[Opening Data records section]

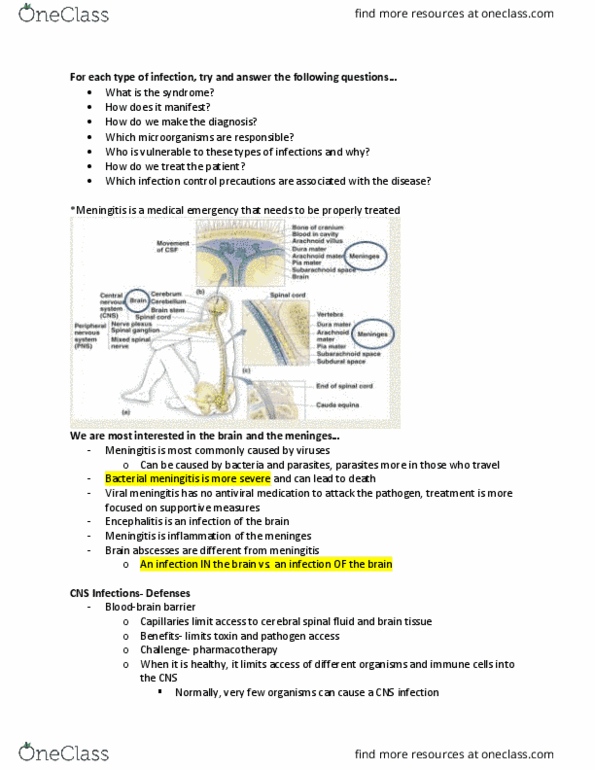 HTHSCI 2HH3 Lecture Notes - Lecture 4: Viral Meningitis, Aseptic Meningitis, Meningitis thumbnail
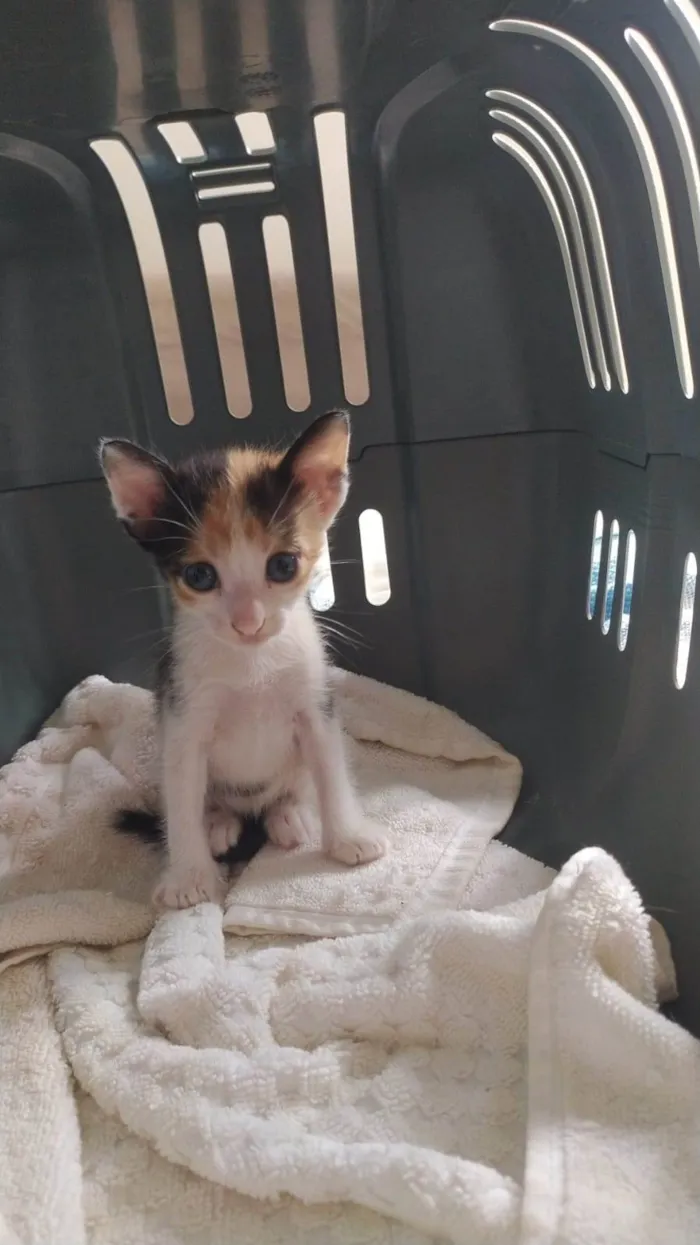 Gato ra a SRD-ViraLata idade Abaixo de 2 meses nome Sem nome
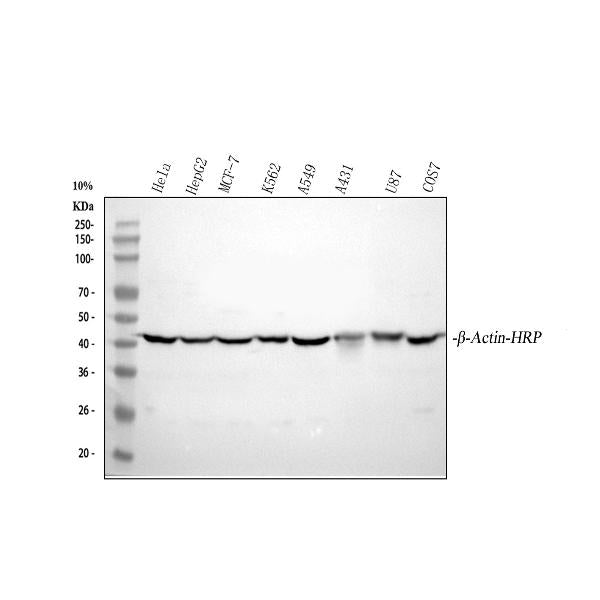 Anti-beta-Actin ACTB Antibody Picoband® (HRP)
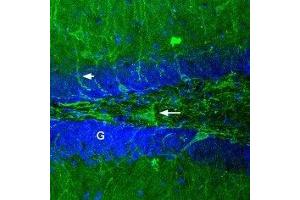 Expression of GABRA1 in rat brain - Immunohistochemical staining of rat dentate gyrus using Anti-GABA(A) α1 Receptor (extracellular)-ATTO Fluor-488 Antibody (ABIN7043184) (green). (GABRA1 Antikörper  (Extracellular, N-Term) (Atto 488))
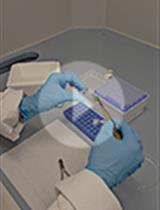 Infection of Soybean Plants with the Insect Bacterial Symbiont Burkholderia gladioli and Evaluation of Plant Fitness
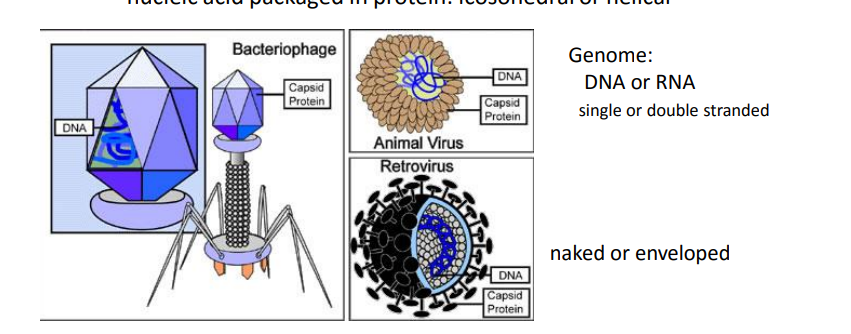 <p>nucleic acid packaged in protein- nuclear capsid :<strong> icosohedral - geometic  or helical</strong></p><p><strong>genome - DNA/RNA </strong></p><p>nuclear capsid can be naked or enveloped (by host <mark data-color="#00eb0a" style="background-color: rgb(0, 235, 10); color: inherit;">cell </mark>membrane/protein)</p>
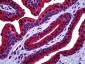 VCP Antibody (clone 4A8)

[Closing Data records section]

# Problem statement:
Your reply must hold only the lines from the line containing "Gato ra a SRD-ViraLata" through the end of the records above, written out exactly, both ends included, with no pictures, please.

# Reply:
 Gato ra a SRD-ViraLata idade Abaixo de 2 meses nome Sem nome
 Anti-beta-Actin ACTB Antibody Picoband® (HRP)
 Expression of GABRA1 in rat brain - Immunohistochemical staining of rat dentate gyrus using Anti-GABA(A) α1 Receptor (extracellular)-ATTO Fluor-488 Antibody (ABIN7043184) (green). (GABRA1 Antikörper  (Extracellular, N-Term) (Atto 488))
 Infection of Soybean Plants with the Insect Bacterial Symbiont Burkholderia gladioli and Evaluation of Plant Fitness
 <p>nucleic acid packaged in protein- nuclear capsid :<strong> icosohedral - geometic  or helical</strong></p><p><strong>genome - DNA/RNA </strong></p><p>nuclear capsid can be naked or enveloped (by host <mark data-color="#00eb0a" style="background-color: rgb(0, 235, 10); color: inherit;">cell </mark>membrane/protein)</p>
 VCP Antibody (clone 4A8)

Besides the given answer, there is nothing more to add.